Malam itu, sekitar pukul satu dini hari, tangisan bayi itu pecah untuk kali pertama. Rasa sakit yang sempat dirasakannya seolah memudar mendengar tangisan itu, Cindy tersenyum lega, tangannya masih saling menggenggam dengan Jino bahkan semakin erat. Jino mendekat, merapikan rambut Cindy yang basah dan berantakan di sekitar wajahnya.
"Maaf," lirih pemuda itu, menatap Cindy bersalah. "dan terima kasih. Aku sayang kamu."
Cindy hanya diam menerima kecupan hangat di keningnya. Ia membuka mata saat Jino menarik diri, lalu menggeleng tanda semua akan baik-baik saja.
Semua ini tidak terencana, mereka tidak sengaja melakukan itu, jadi Jino merasa sangat bersalah. Ia telah merebut masa depan Cindy, yang mungkin jika dirinya tidak mengandung, akan dapat mengambil beasiswa ke luar negerinya.
"Perempuan." ujar dokter itu sambil tersenyum, menarik perhatian Cindy dan Jino.
Ada rasa luar biasa senang ketika Cindy mendekapnya. Ia tersenyum haru, apalagi saat telunjuknya tak sengaja digenggam bayinya. Cindy menengadah menatap Jino lagi. "Siapa, ya, namanya?"
"Oh, iya. Belum kita siapin." Jino terkekeh kecil.
Cindy menggeleng tak habis pikir, tapi tetap dengan senyum tipisnya. Sekali lagi Cindy menyentuh pipi anaknya sebelum ia dibawa seorang perawat ke ruang bayi untuk pemeriksaan lebih lanjut.
Setelah Cindy diurusi oleh dokter, ia dipindahkan ke ruang rawat inap.
"Cindy," Cindy dan Jino seketika menoleh ke sumber suara. Di sana, di dekat pintu, mereka menemukam Veranda, orangtua Cindy, tersenyum lega sambil menghampirinya. Mereka berpelukan sebentar. "Maaf, Mama nggak bisa temani kamu, tadi ada pasien kritis. Maaf, ya? Maafin Mama."
"Nggak apa, Ma," balas Cindy tulus. Ia tahu kesibukan ibunya sebagai dokter yang tidak bisa mengesampingkan kewajiban seenaknya. "Kan ada Jino."
Veranda menoleh pada pemuda itu dan tersenyum. "Makasih, ya. Tante tahu kamu aslinya baik." Jino tersenyum kecil mendengar itu. "Oh, iya, orangtuamu mana?"
"Masih di jalan, kena macet."
"Papi?" kali ini Cindy yang buka suara, menanyakan eksistensi ayahnya.

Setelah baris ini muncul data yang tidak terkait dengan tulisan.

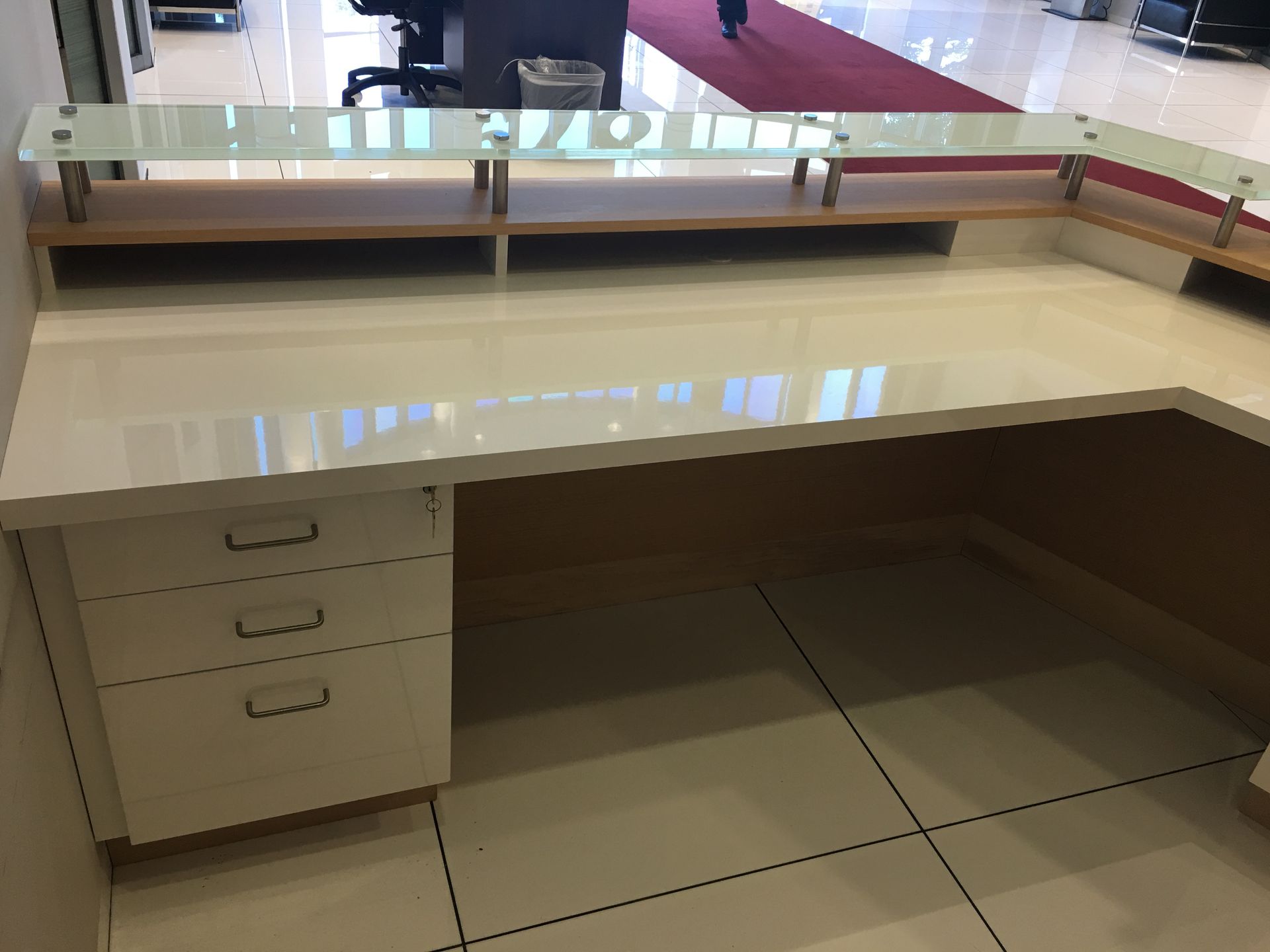 White reception desk with three drawers, glass panel, and built-in shelving in a well-lit space.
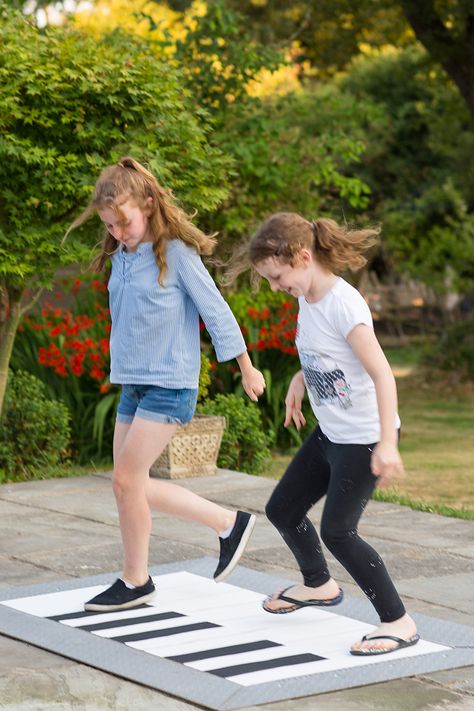 two girls playing on a giant floor piano in a park Floor Piano, Outdoor Music, Playset Outdoor, School Playground, Park Playground, Musical Plays, Outdoor Classroom, Indoor Play, Playground Equipment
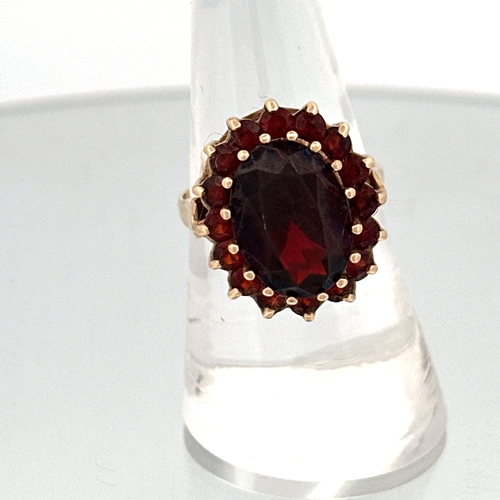 54 - 9ct Gold Ring Set with Garnets size Q 5.82g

Veranda menggeleng pelan, Cindy balas tersenyum kecil walau hatinya sedikit kecewa. Dari semua orang di sekitar Cindy, hanya Kinan, ayahnya, yang sangat sulit menerima keadaan. Ia bahkan tidak mau bicara dengan Cind atau Jino selama sembilan bulan terakhir.
Ruangan itu seketika hening, tapi mendadak seorang dokter membuka pintu dengan tidak santai. Napasnya memburu dan wajahnya panik.
"Dokter Veranda," katanya sambil menatap Veranda dengan pandangan yang sulit diartikan. "Bayi anak Anda diculik."
Rasanya ada sesuatu yang keras menghantam dada Cindy. Jino segera berdiri dan mengajak dokter itu keluar, menanyakan ke mana arah penculiknya dan berlari mengejar. Veranda segera memeluk Cindy sambil terus bergumam bahwa masalah ini pasti akan diatasi.
Sementara itu, pria berpakaian serba hitam berlari kencang di sepanjang lorong, melewati banyak orang yang berlalulalang di sana dengan bayi dalam dekapannya. Jino yang melihatnya dari pertigaan koridor segera ikut mengejar bersama pihak keamanan rumah sakit. Namun sayang, pria itu larinya cepat sekali. Ia berhasil masuk ke dalam mobil dan melaju kabur sebelum Jino ataupun pihak keamanan rumah sakit berhasil menangkapnya.
Pria itu membuka penutup wajahnya kemudian melemparkannya ke jok belakang tanpa mengalihkan pandangan dari jalan. Ia membuang napas kesal dan memukul kemudi beberapa kali.
"Pak Kinan sialan!" geramnya. Wajahnya berubah sendu saat tangisan bayi yang terbaring asal di jok samping kemudi itu terdengar makin keras. Ia kembali memukul kemudi bagai orang depresi saat teringat anaknya sendiri.